### Provided data
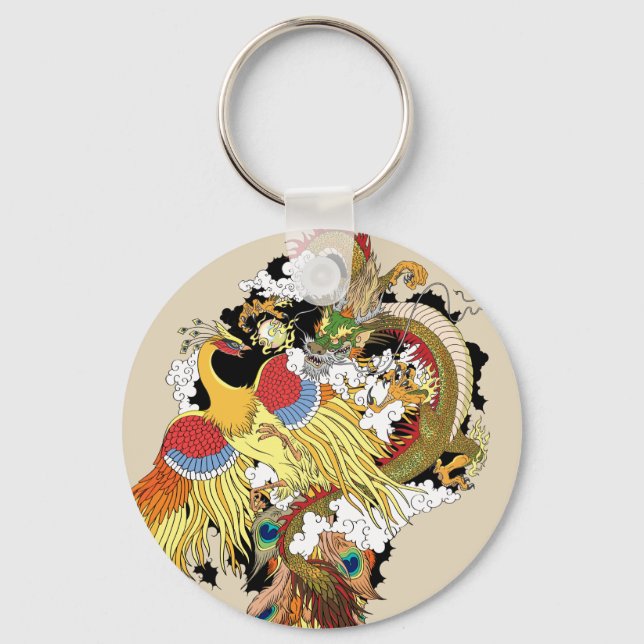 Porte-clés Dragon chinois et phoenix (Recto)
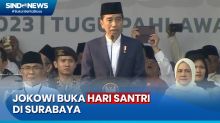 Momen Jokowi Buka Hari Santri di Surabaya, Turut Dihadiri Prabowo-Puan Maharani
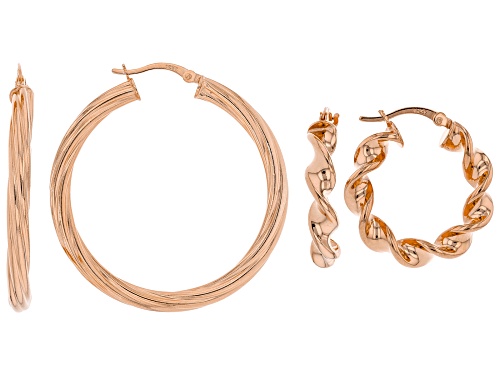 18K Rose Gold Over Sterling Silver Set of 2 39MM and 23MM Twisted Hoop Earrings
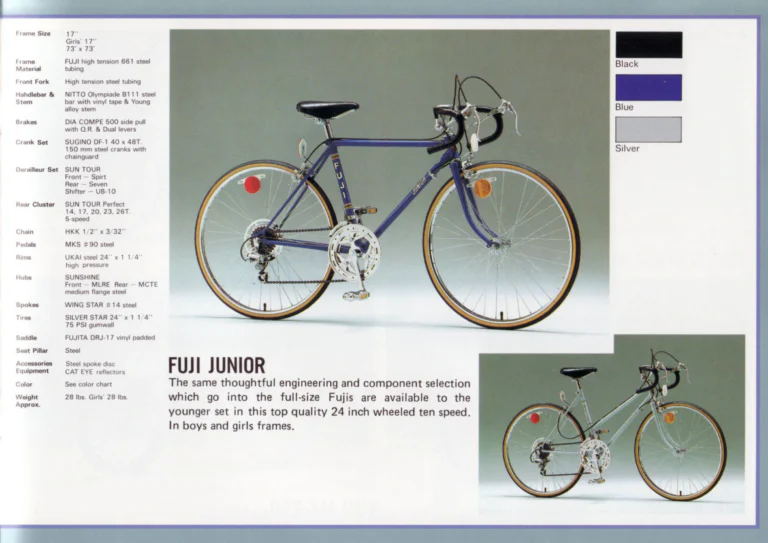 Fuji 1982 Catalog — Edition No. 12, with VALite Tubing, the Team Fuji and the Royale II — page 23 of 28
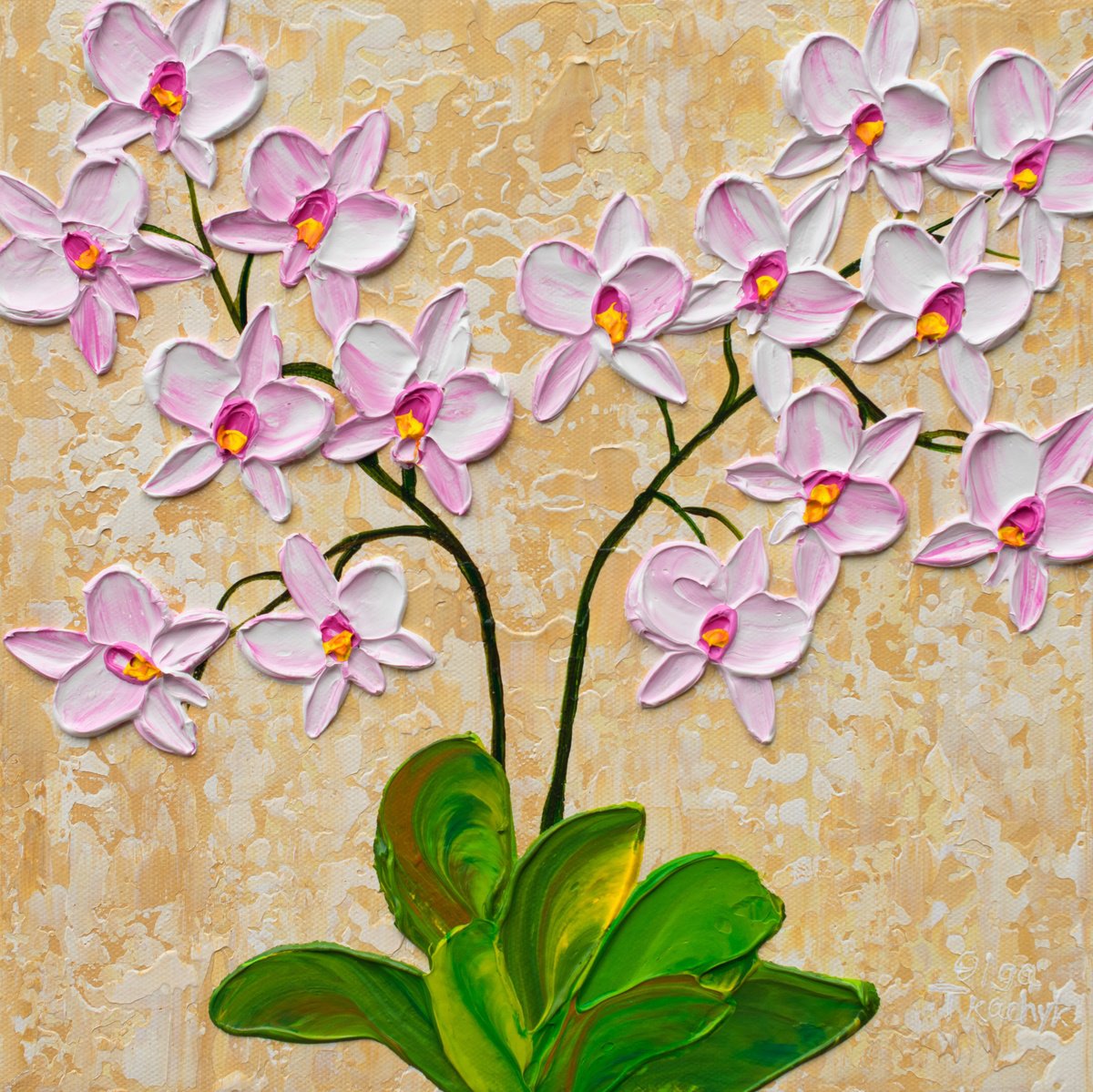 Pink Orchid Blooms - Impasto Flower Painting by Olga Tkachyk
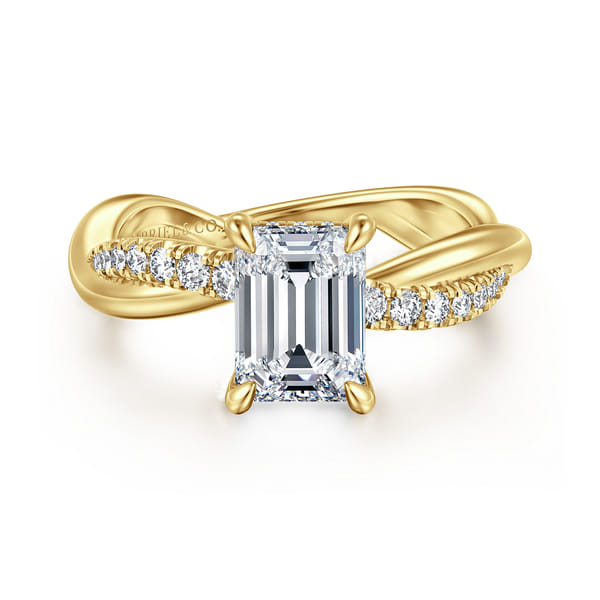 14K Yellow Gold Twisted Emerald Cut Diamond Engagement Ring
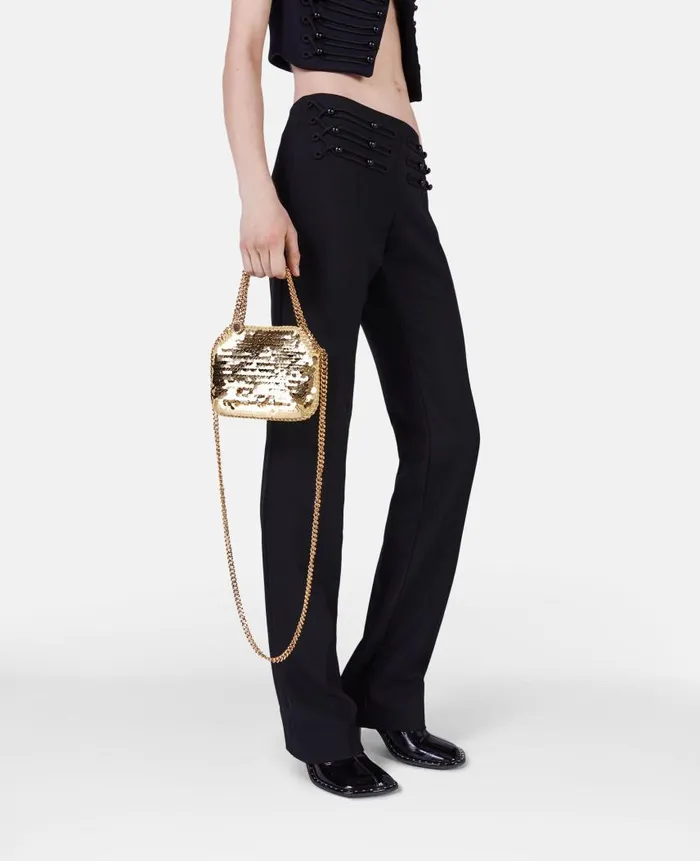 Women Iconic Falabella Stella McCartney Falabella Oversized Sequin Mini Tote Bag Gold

### Work item
Reproduce the whole listing above word for word, but not its pictures.

### Result of the exercise
 Porte-clés Dragon chinois et phoenix (Recto)
 Momen Jokowi Buka Hari Santri di Surabaya, Turut Dihadiri Prabowo-Puan Maharani
 18K Rose Gold Over Sterling Silver Set of 2 39MM and 23MM Twisted Hoop Earrings
 Fuji 1982 Catalog — Edition No. 12, with VALite Tubing, the Team Fuji and the Royale II — page 23 of 28
 Pink Orchid Blooms - Impasto Flower Painting by Olga Tkachyk
 14K Yellow Gold Twisted Emerald Cut Diamond Engagement Ring
 Women Iconic Falabella Stella McCartney Falabella Oversized Sequin Mini Tote Bag Gold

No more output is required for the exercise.